→ **INFORMATION GIVEN**:

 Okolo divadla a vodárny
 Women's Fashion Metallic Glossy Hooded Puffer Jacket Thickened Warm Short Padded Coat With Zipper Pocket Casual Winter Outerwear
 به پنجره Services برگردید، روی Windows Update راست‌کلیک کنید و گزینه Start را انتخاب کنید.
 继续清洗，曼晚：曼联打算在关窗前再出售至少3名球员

--

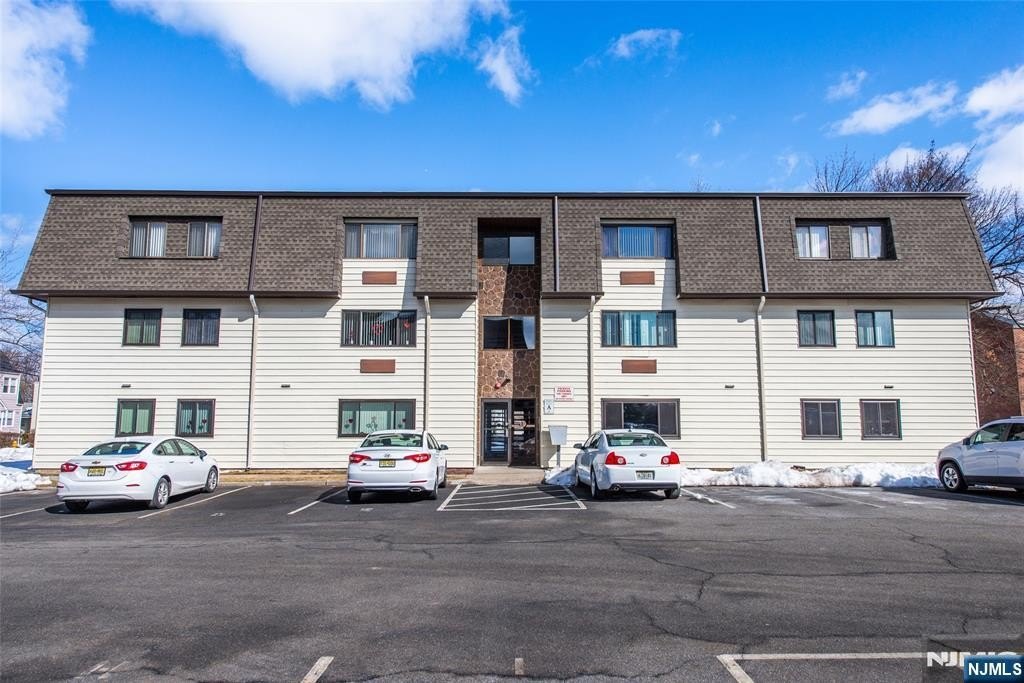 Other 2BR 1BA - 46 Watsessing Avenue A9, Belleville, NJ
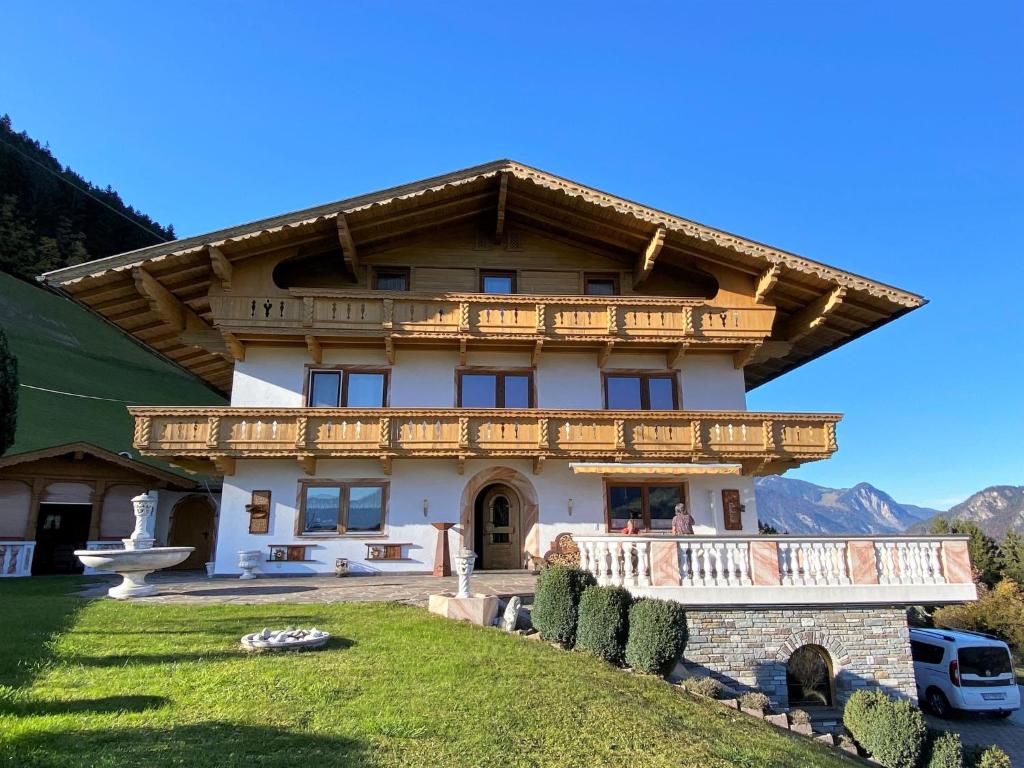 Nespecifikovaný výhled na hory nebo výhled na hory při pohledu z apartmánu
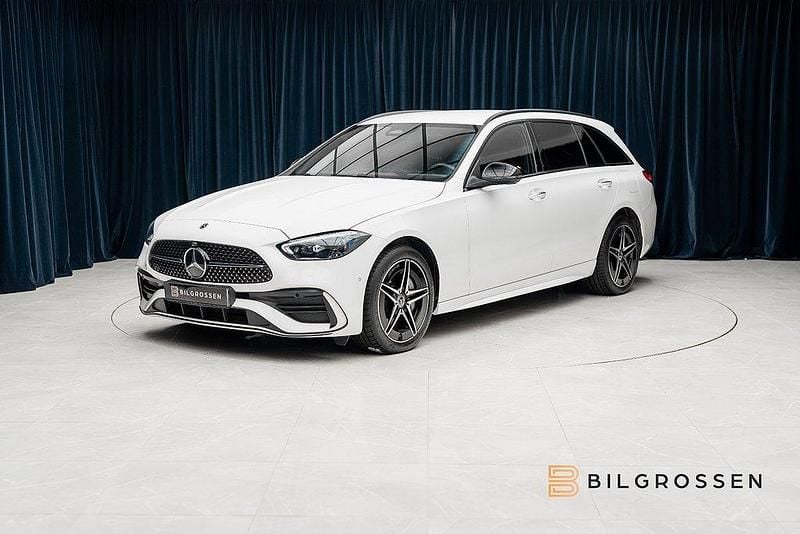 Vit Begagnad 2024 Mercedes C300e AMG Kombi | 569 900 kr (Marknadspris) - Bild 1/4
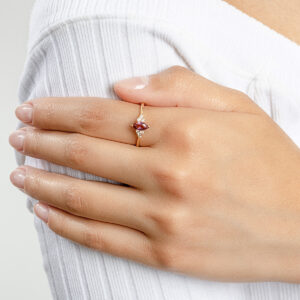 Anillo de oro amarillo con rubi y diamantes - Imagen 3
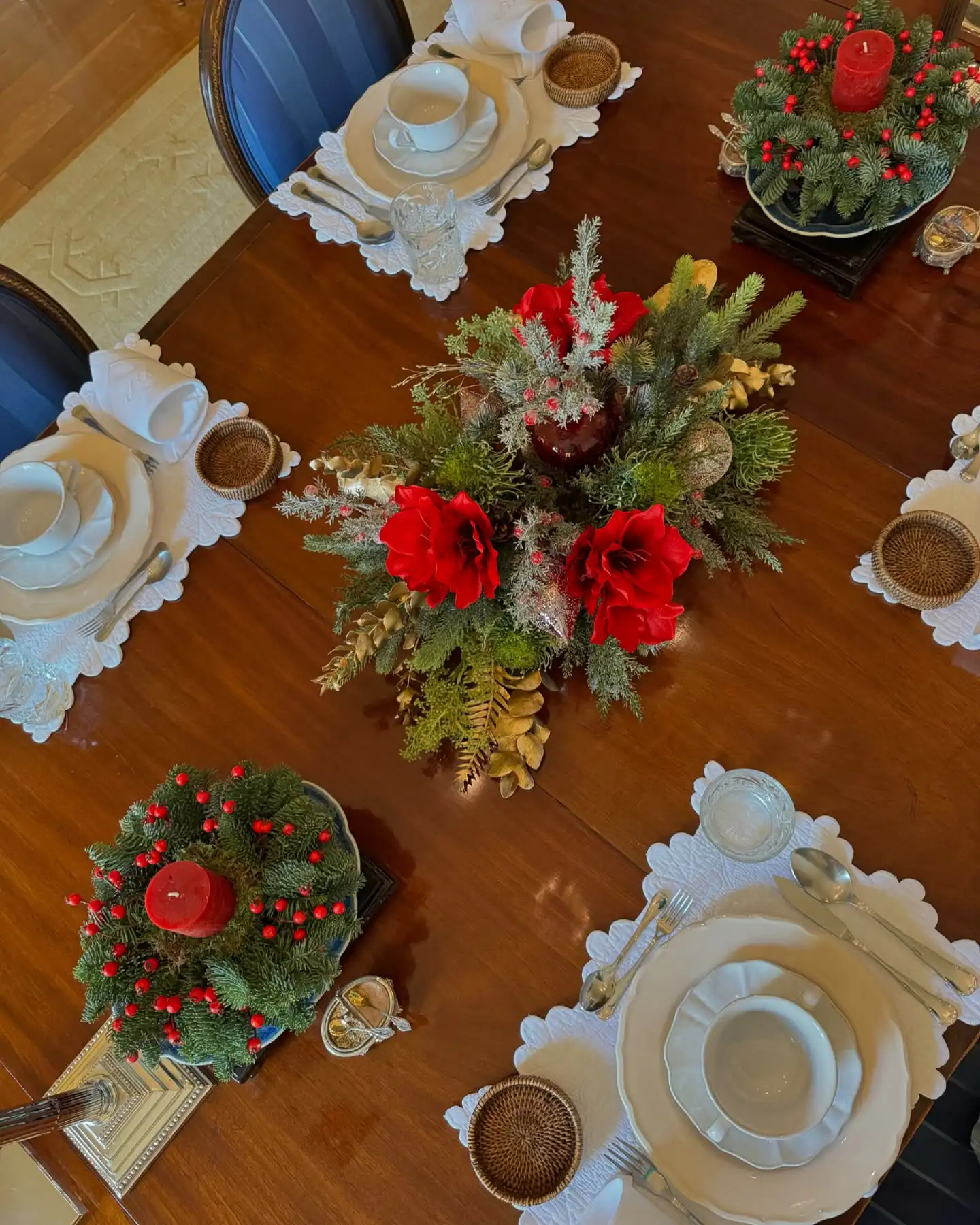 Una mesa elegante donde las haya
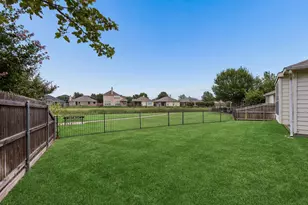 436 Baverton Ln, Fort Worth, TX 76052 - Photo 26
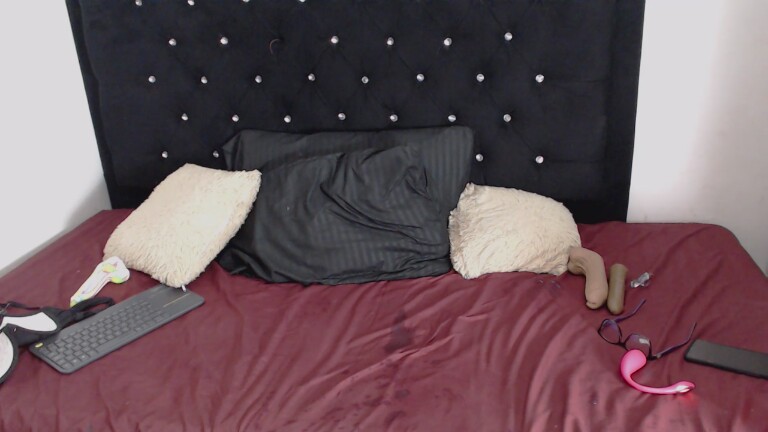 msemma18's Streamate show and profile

→ **YOUR GOAL**: What are the lines in the records above, word for word, from the one containing "Nespecifikovaný výhled na" through the one containing "Una mesa elegante donde las haya", both ends included and pictures left out?

→ **RESPONSE TO THIS TASK**:
 Nespecifikovaný výhled na hory nebo výhled na hory při pohledu z apartmánu
 Vit Begagnad 2024 Mercedes C300e AMG Kombi | 569 900 kr (Marknadspris) - Bild 1/4
 Anillo de oro amarillo con rubi y diamantes - Imagen 3
 Una mesa elegante donde las haya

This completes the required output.